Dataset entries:
[Start of section]

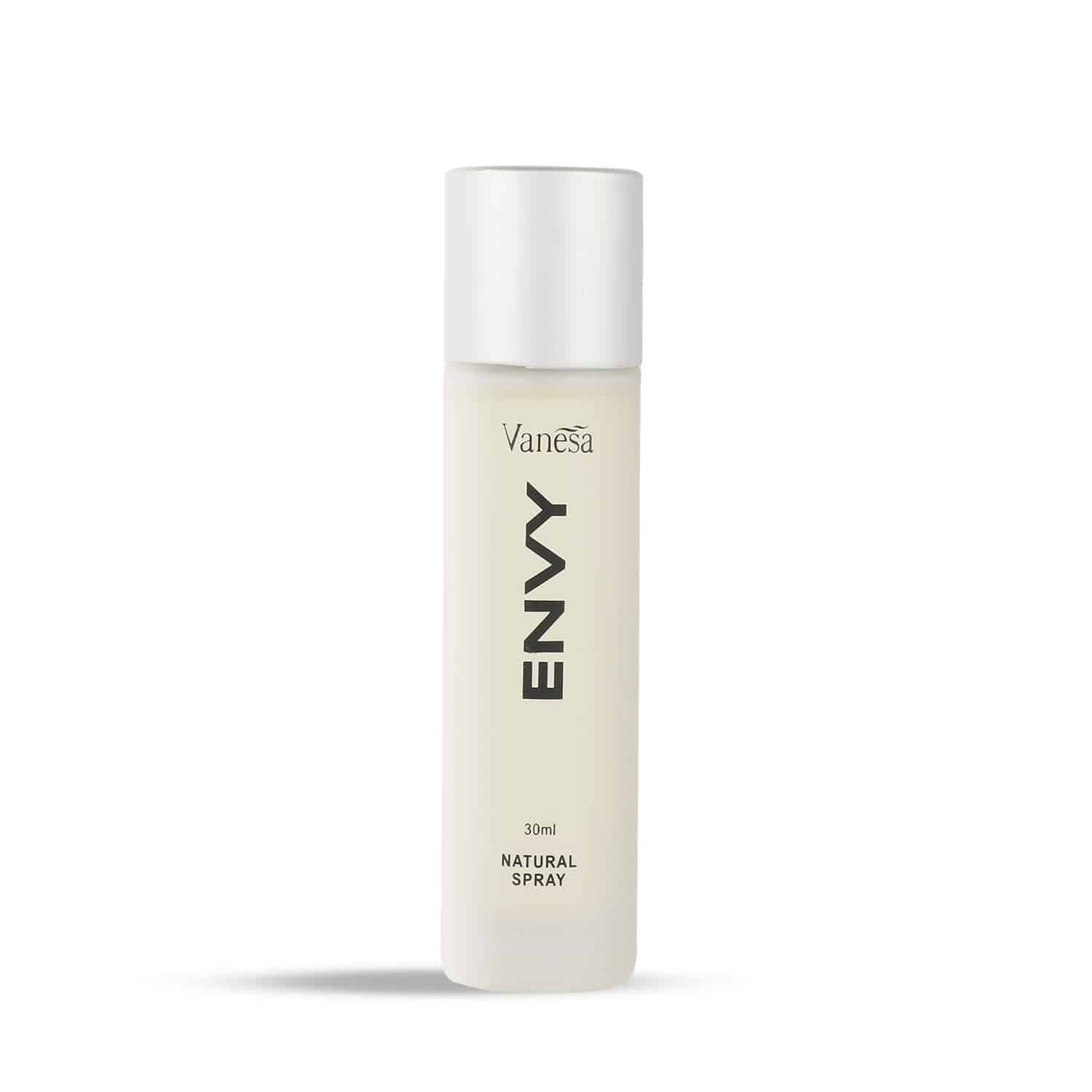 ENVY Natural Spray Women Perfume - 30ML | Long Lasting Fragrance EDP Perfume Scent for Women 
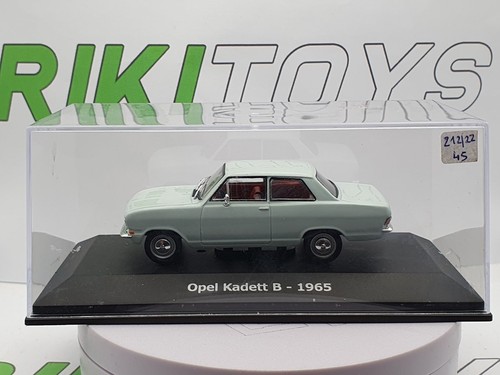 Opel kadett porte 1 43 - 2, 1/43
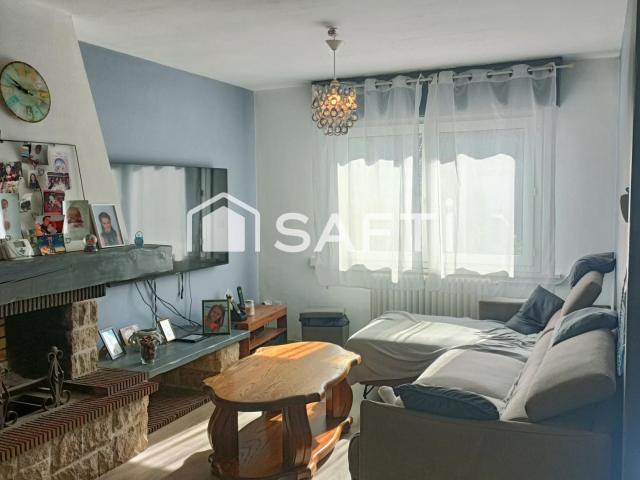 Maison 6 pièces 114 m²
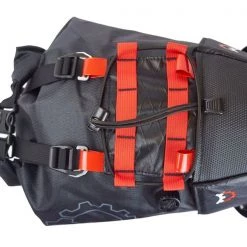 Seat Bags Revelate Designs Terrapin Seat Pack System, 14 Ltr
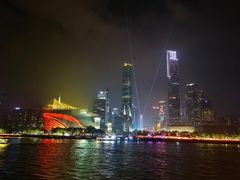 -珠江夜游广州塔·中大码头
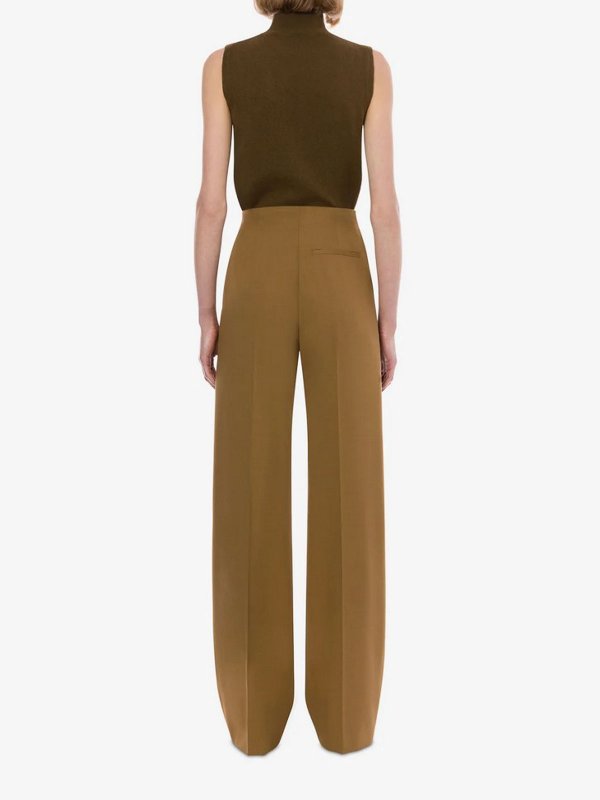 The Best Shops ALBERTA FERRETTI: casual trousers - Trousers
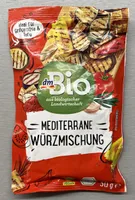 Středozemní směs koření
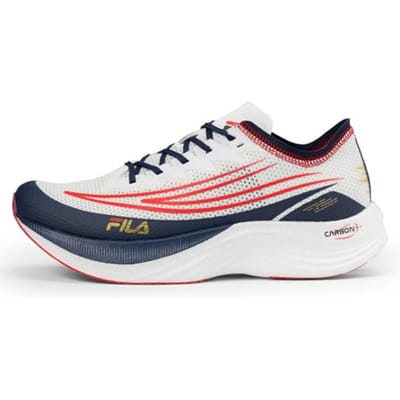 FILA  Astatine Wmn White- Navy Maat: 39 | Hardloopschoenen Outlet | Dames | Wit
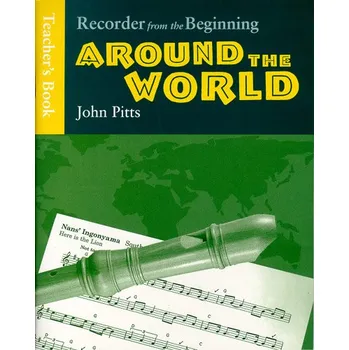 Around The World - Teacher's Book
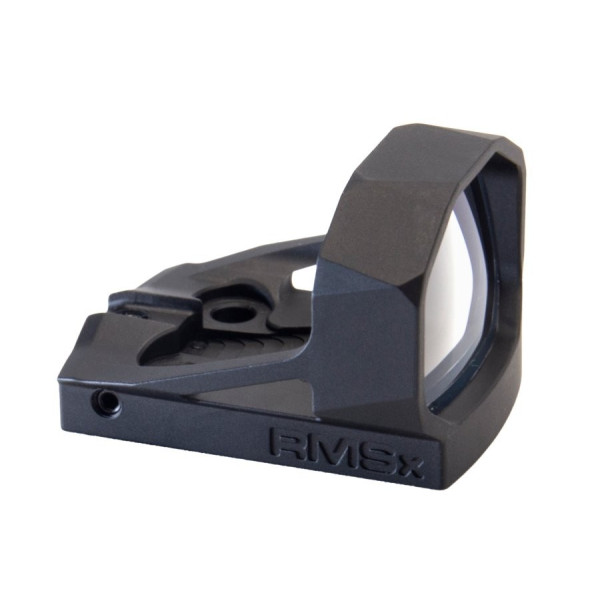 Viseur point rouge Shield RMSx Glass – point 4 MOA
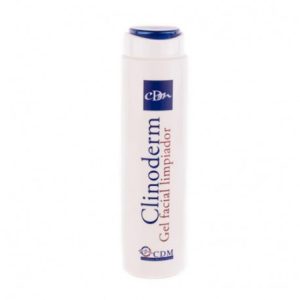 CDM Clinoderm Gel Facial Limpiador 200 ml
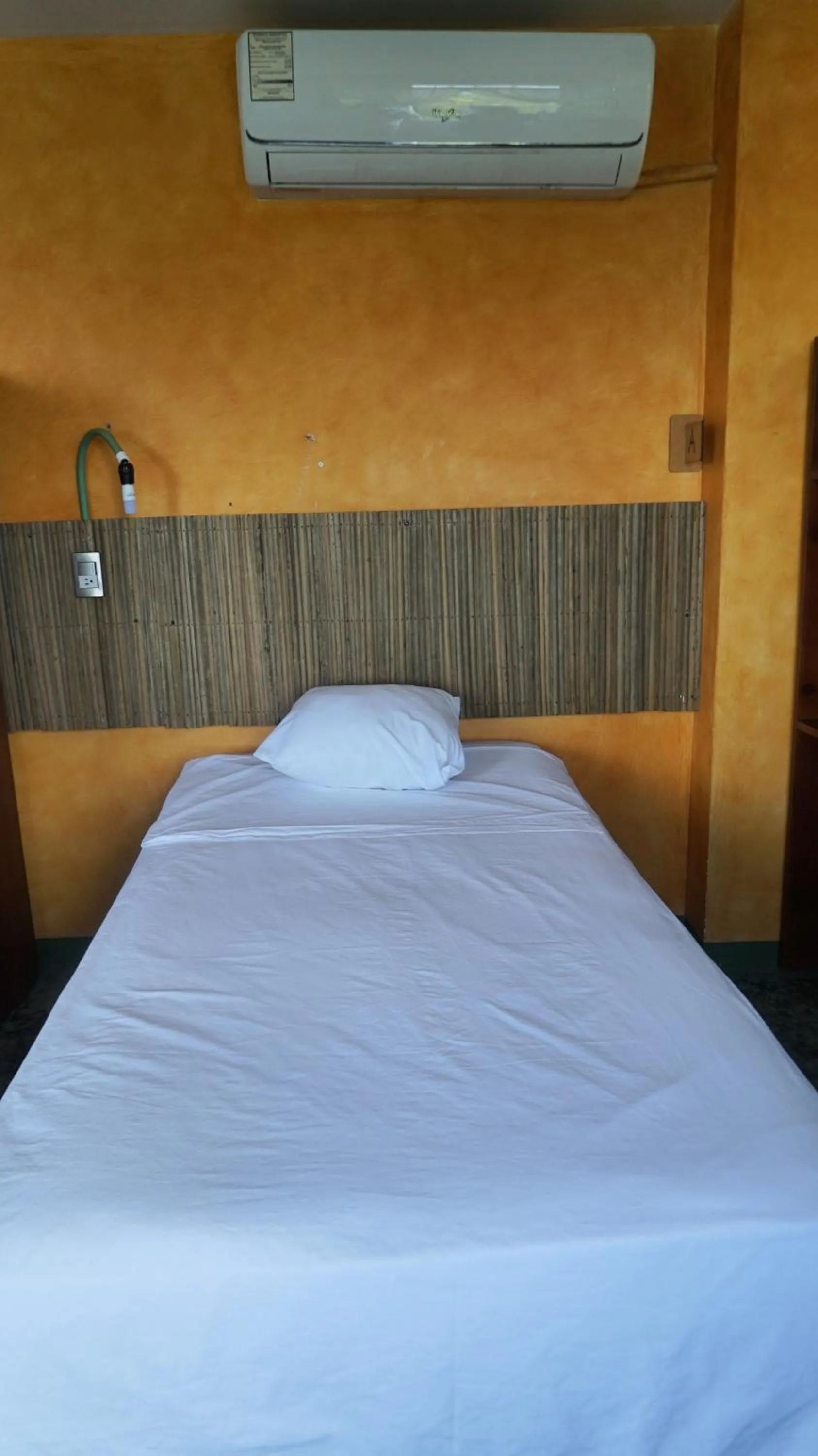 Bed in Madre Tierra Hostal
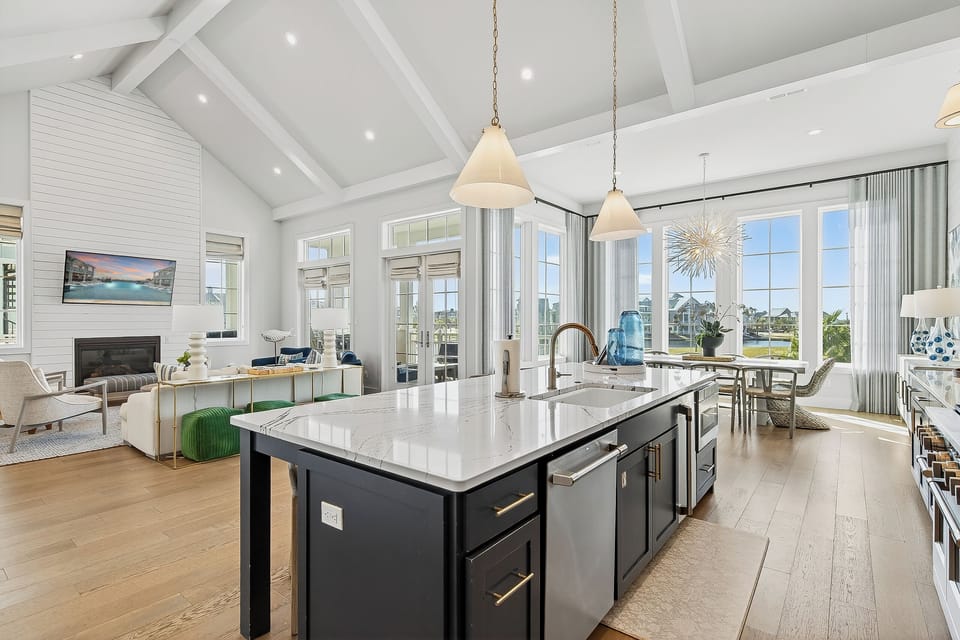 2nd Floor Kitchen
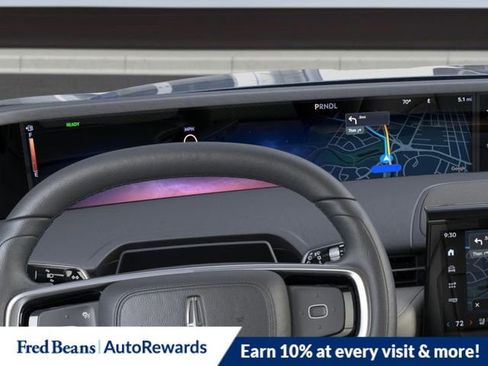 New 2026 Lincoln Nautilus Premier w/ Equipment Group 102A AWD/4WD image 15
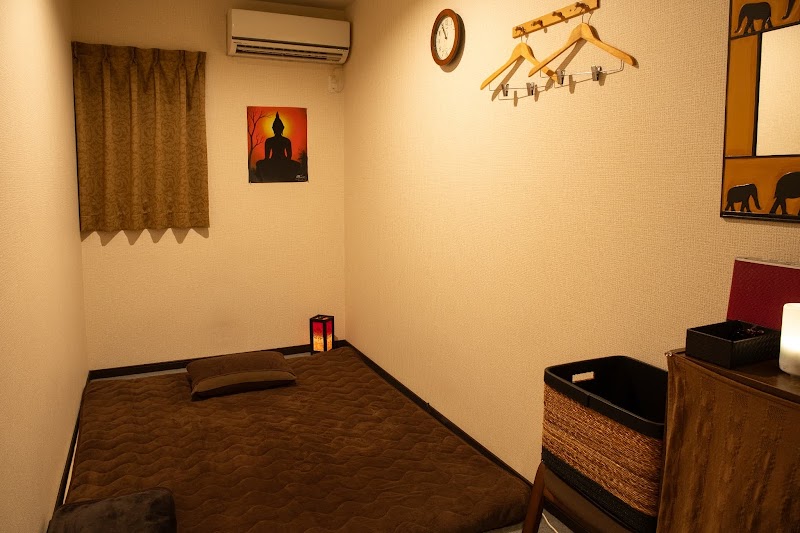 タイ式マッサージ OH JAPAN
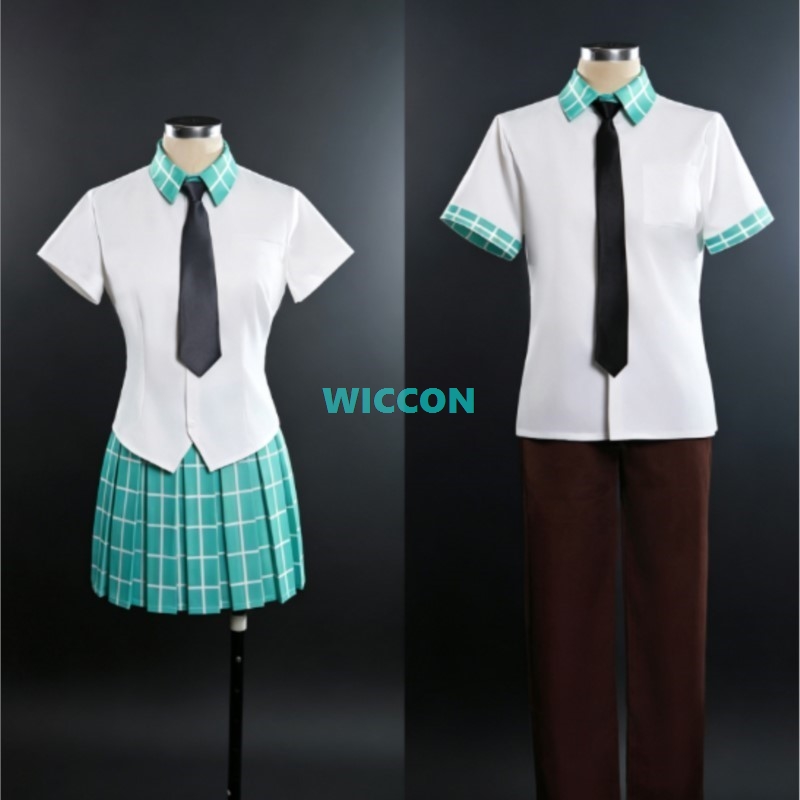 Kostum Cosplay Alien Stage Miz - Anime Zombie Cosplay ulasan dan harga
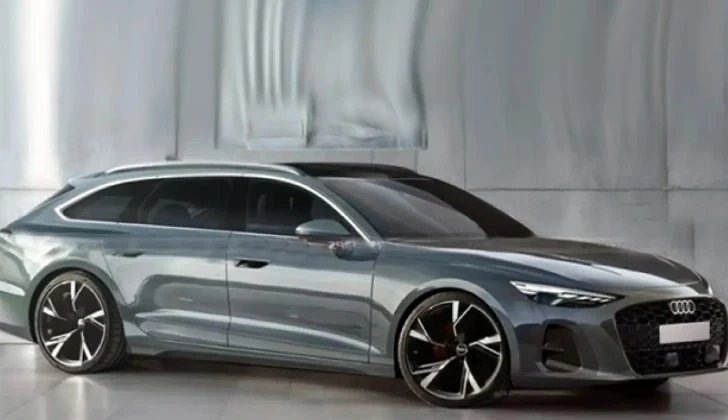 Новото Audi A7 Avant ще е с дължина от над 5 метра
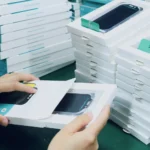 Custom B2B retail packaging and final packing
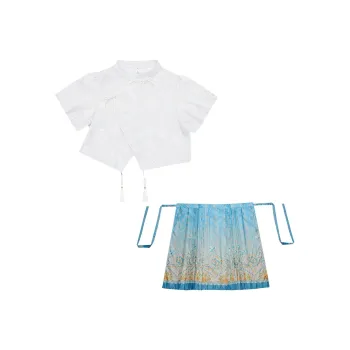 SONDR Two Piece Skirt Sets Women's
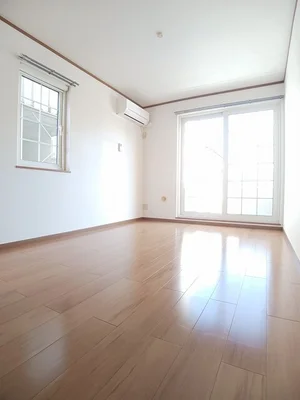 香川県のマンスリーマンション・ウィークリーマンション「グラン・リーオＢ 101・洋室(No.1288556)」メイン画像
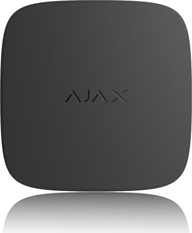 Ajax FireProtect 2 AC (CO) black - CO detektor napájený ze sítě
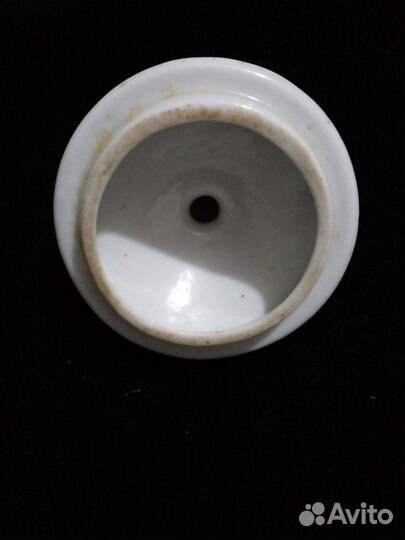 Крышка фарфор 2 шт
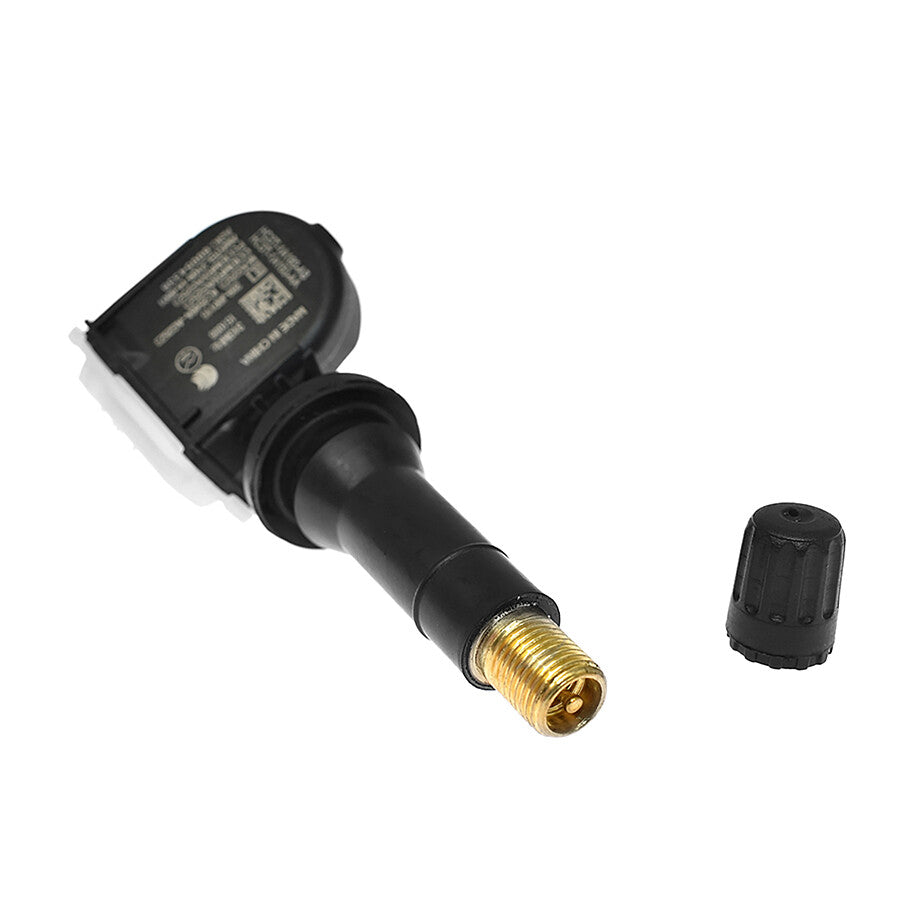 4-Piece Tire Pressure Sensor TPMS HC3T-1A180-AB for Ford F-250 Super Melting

[End of section]

_Task brief_:
Only lines belong in the copy, not pictures: write out exactly the lines of the records from the first through the one holding "The Best Shops".

_The answer_:
 ENVY Natural Spray Women Perfume - 30ML | Long Lasting Fragrance EDP Perfume Scent for Women 
 Opel kadett porte 1 43 - 2, 1/43
 Maison 6 pièces 114 m²
 Seat Bags Revelate Designs Terrapin Seat Pack System, 14 Ltr
 -珠江夜游广州塔·中大码头
 The Best Shops ALBERTA FERRETTI: casual trousers - Trousers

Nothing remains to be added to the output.